Self-learning tutorial: Creating charts with ggplot and the ESS data set: Bar plots with percentages, scatter plots, box plots

Importing a data set

Import the data set into R studio:
Either the small ESS training data set OR the large ESS full data set
ESS full data is posted on Canvas as an xlsx file in section “Data lab and homework seminar 3”
ESS full data set is very large with 500+ variables
Load the packages with library()
Use the menu File>Import Data set>From Excel to import the data

library(tidyverse)
library(readxl)
library(scales)

ess <- read_excel("C:/Users/Peter Maurer/Documents/_Lehre_Karlstad/MKGB93_DataVisualization/Datasets/Data_labs/ess_data.xlsx",
                  col_types = c("guess", "guess", "numeric", "numeric", "numeric", "numeric", "numeric", "numeric",
                                "numeric", "numeric", "numeric"))

Filtering variables and observations

Before working with ESS full data, search for interesting variables in the code book https://ess.sikt.no/en/datafile/b2b0bf39-176b-4eca-8d26-3c05ea83d2cb?tab=1
After importing, subset the ESS full data set: select variables you are interested in
Filter the observations you are interested in (by country and/or other variables like age, gender, etc. ..) if you don’t want to use all observations
To select variables, it is useful to print the variable names with colnames()
To select several variables from a larger data set, use select()
To filter observations, use filter()
Save the subset under the same or another name with “<-” (Attention, same name overwrites the old object)

colnames(ess)

##  [1] "idno"    "cntry"   "nwspol"  "polintr" "trstprl" "trstep"  "trstun" 
##  [8] "vote"    "gndr"    "yrbrn"   "eduyrs"

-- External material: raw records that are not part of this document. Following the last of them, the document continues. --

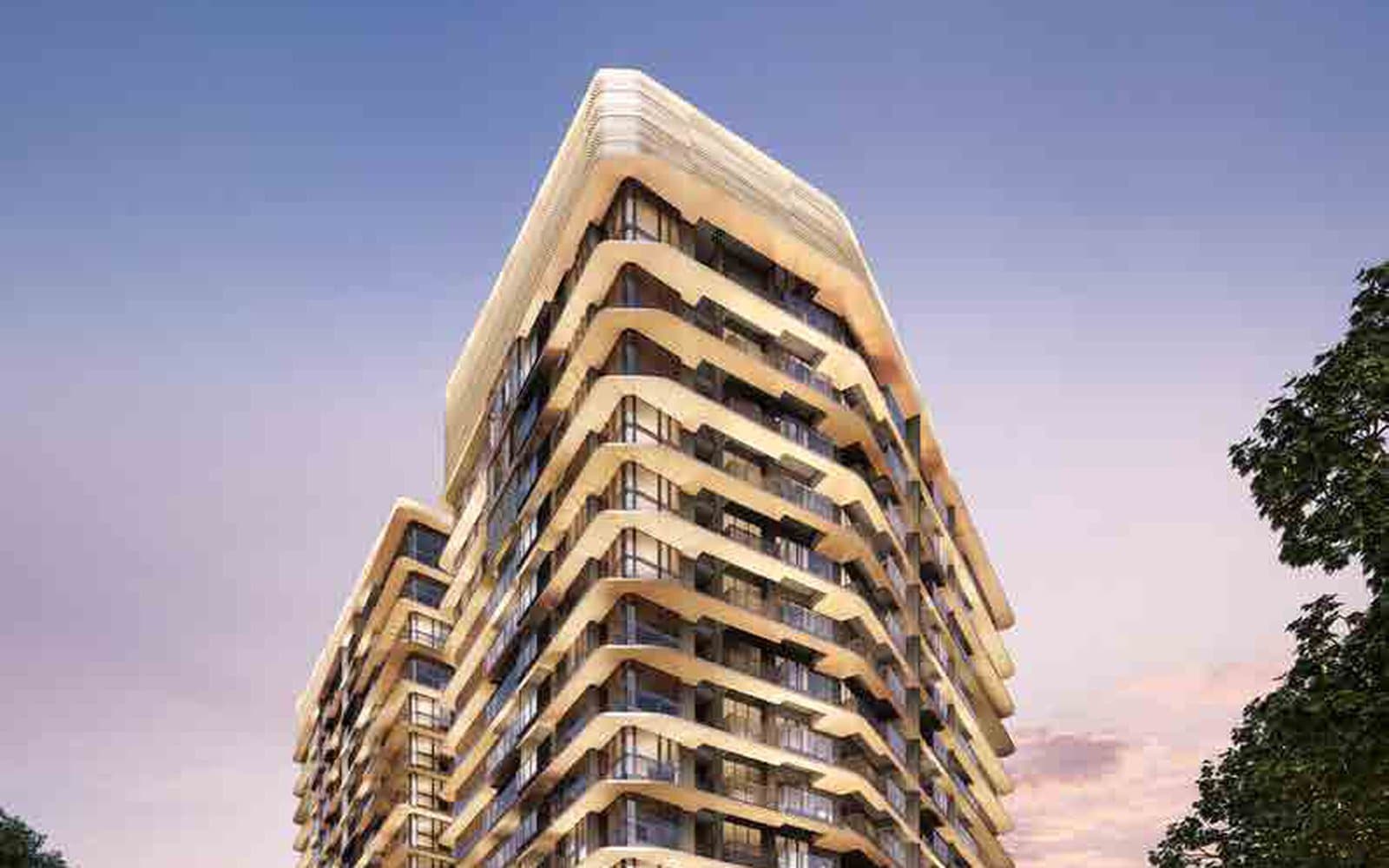 Artist's impression of One-North Eden at dusk: a tower with curved white balcony bands above the shops at street level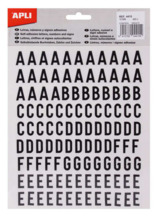 Apli Letras Adhesivas de Palo Mayusculas - Altura 15mm - Pack de 4 Hojas con 468 Letras - Color Negro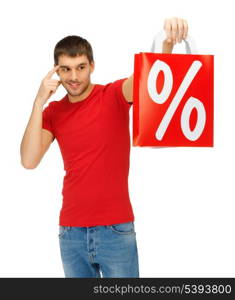 picture of handsome man with shopping bags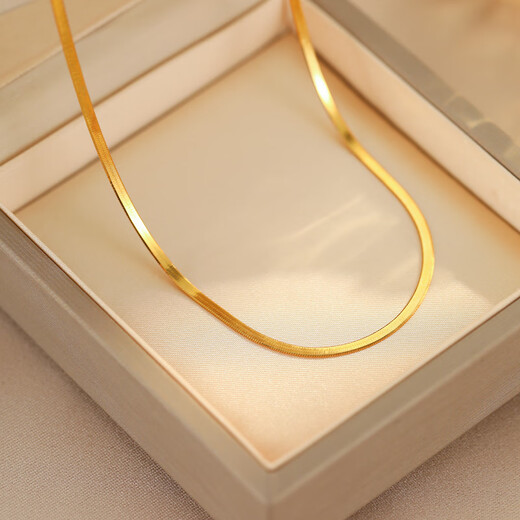 Youshu snake bone chain necklace women's clavicle chain 18k gold gold sterling silver gold necklace light luxury high-end without losing pigment chain 18K gold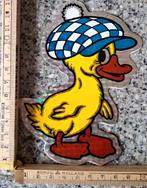 Vintage sticker geel Eendje duck lelijk Eendje geruit petje, Verzamelen, Ophalen of Verzenden, Zo goed als nieuw, Overige typen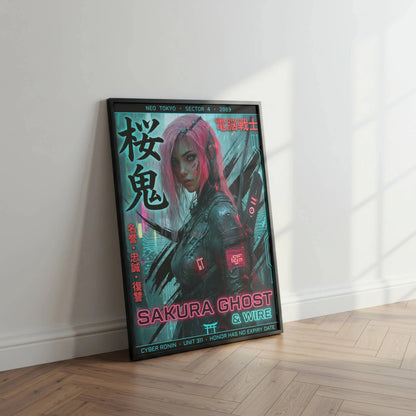 ☣️🧬 Série limitée Art Cyberpunk - Poster Cybergirl Sakura Ghost - Aura Studio Déco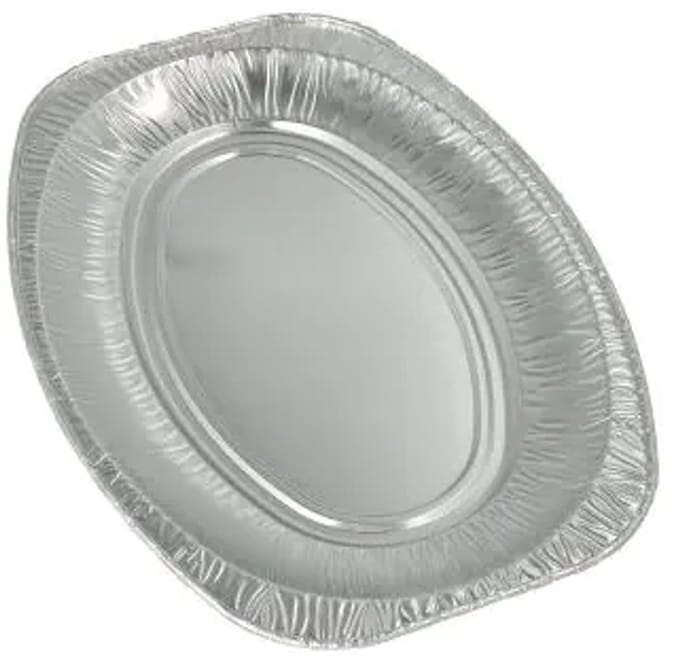 10x 3 Alu serveerschalen ovaal 35 cm x 245 cm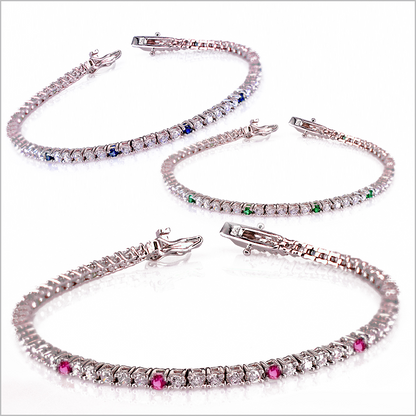 Bracciale Tennis 3mm, Bianco e Diversi Colori, 5+1,  in Argento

ess %>%  #selection is not saved in this example
  select(cntry, trstprl, trstep,  trstun,  vote,  gndr) %>%
  filter(cntry %in% c("SE", "DE", "DK", "IT", "NO"))

We have selected the variables country, vars for political trust, voting and gender
We have then filtered respondents from Sweden, Germany, Denmark, Italy and Norway

Analyse voting behavior in the selected countries

Turn “vote” into a factor and save it, use drop_na() to get rid of the NA values in vote, start with the visualization.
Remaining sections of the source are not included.